There was loud music, children talking, clapping, shouting and nothing bothered her what so ever!!!. SHE IS SUCH A AMAZING GIRL!!!

She often visits my wife's class as a reward for good behaviour! The kids each get a treat and one by one the come to the front of the clas and give her a command! The most popular command from the students is "heel" for some reason they love walking around the classroom with Molly


----------



## Debanneball (Aug 28, 2014)

Congratulations to Molly! Its great when your dogs make you proud...


----------



## wick (Mar 7, 2015)

Miss Molly May said:


> My girl is now 5 1/2 and she still amazes me!! A few weeks ago Molly was invited to my wife's school to participate in their winter carnival parade. The students(grade2) built a float to push her in. She jump right in it with a big ol' smile and was push by the students around the gymnasium.
> There was loud music, children talking, clapping, shouting and nothing bothered her what so ever!!!. SHE IS SUCH A AMAZING GIRL!!!
> 
> She often visits my wife's class as a reward for good behaviour! The kids each get a treat and one by one the come to the front of the clas and give her a command! The most popular command from the students is "heel" for some reason they love walking around the classroom with Molly


THIS IS SO DARN CUTE!! Do you have picture of any of these things happening because I might die of happiness if I see them. She sounds so cool, she also sound like she has a fun life! What was she like as a puppy ? Was she calm, roudy, mouthy, stubborn, easy going, confident?? Did you do other training than obedience? Did you use a trainer or was she easily trained at home? Sorry to be annoying she just sounds amazing!


----------



## Miss Molly May (Feb 19, 2010)

wick said:


> THIS IS SO DARN CUTE!! Do you have picture of any of these things happening because I might die of happiness if I see them. She sounds so cool, she also sound like she has a fun life! What was she like as a puppy ? Was she calm, roudy, mouthy, stubborn, easy going, confident?? Did you do other training than obedience? Did you use a trainer or was she easily trained at home? Sorry to be annoying she just sounds amazing!

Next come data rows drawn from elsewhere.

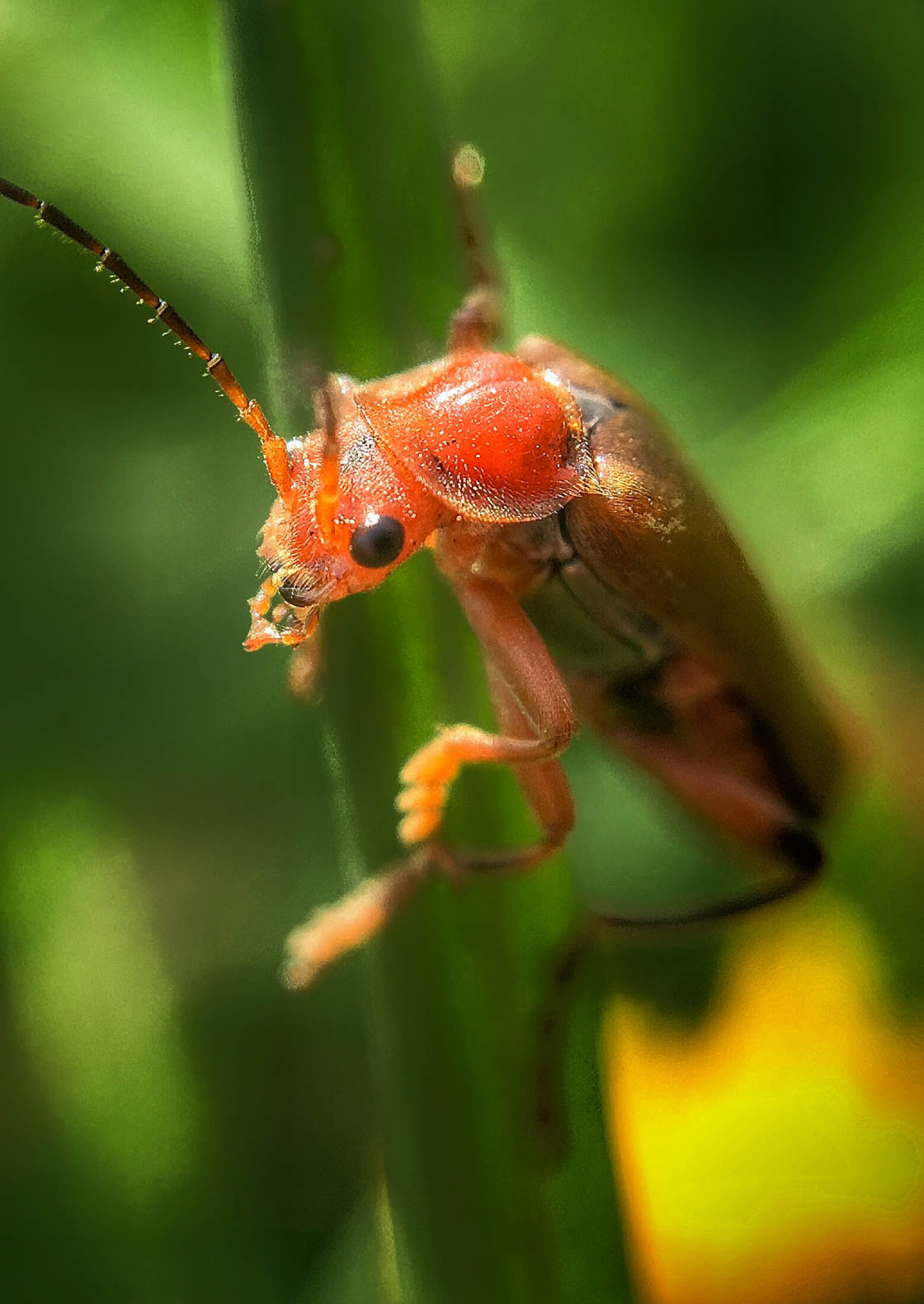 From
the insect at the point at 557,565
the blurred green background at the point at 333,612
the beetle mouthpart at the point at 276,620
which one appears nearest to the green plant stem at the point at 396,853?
the blurred green background at the point at 333,612

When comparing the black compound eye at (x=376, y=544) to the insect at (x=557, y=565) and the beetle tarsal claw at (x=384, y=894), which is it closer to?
the insect at (x=557, y=565)

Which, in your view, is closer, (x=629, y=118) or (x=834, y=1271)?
(x=834, y=1271)

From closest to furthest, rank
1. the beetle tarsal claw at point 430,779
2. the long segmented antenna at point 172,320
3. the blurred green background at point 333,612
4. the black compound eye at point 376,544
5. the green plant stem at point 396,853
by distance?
the green plant stem at point 396,853
the beetle tarsal claw at point 430,779
the long segmented antenna at point 172,320
the black compound eye at point 376,544
the blurred green background at point 333,612

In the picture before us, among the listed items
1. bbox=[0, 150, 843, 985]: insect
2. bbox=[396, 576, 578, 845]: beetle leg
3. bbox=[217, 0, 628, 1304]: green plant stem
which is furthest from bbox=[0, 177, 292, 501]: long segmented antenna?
bbox=[217, 0, 628, 1304]: green plant stem

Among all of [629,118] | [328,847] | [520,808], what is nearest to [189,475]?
[328,847]

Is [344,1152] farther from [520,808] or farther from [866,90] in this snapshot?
[866,90]

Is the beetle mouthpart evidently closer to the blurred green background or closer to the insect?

 I'll post pics as soon as I get them She is my best friend, and fishing buddy, we bring her everywhere with us If she's not welcome then just don't go!!! She was far from calm typical mouthy, stubborn as a puppy.We did about 3 years of training obedience, agility, and tracking. She is amazingly gentle when kids are around:wub: I wouldn't trade her for a million dollars!!


----------



## mia12 (Feb 21, 2015)

Awh!! She sounds wonderful!!


----------



## royals17 (Feb 15, 2015)

That's great!!


----------



## Palydyn (Aug 28, 2014)

Love to see pictures of her on the float. She does sound amazing.


----------